Recorded data:
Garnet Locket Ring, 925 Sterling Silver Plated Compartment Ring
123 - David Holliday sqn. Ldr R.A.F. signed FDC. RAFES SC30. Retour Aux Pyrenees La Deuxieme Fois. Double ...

---

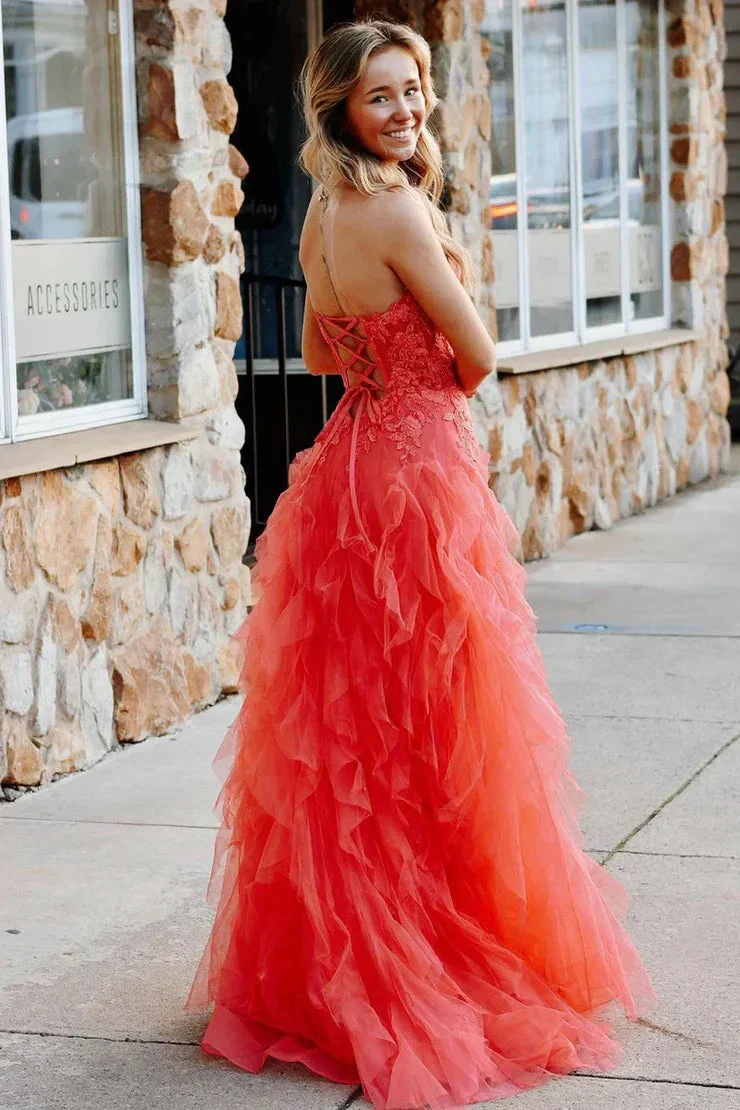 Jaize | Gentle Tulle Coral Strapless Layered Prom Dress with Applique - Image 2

The problem: Working from the data above, extract solely the lines from the one containing "Garnet Locket Ring, 925" through the one containing "123 - David", exactly as they appear, both included.

Output for this task:
Garnet Locket Ring, 925 Sterling Silver Plated Compartment Ring
123 - David Holliday sqn. Ldr R.A.F. signed FDC. RAFES SC30. Retour Aux Pyrenees La Deuxieme Fois. Double ...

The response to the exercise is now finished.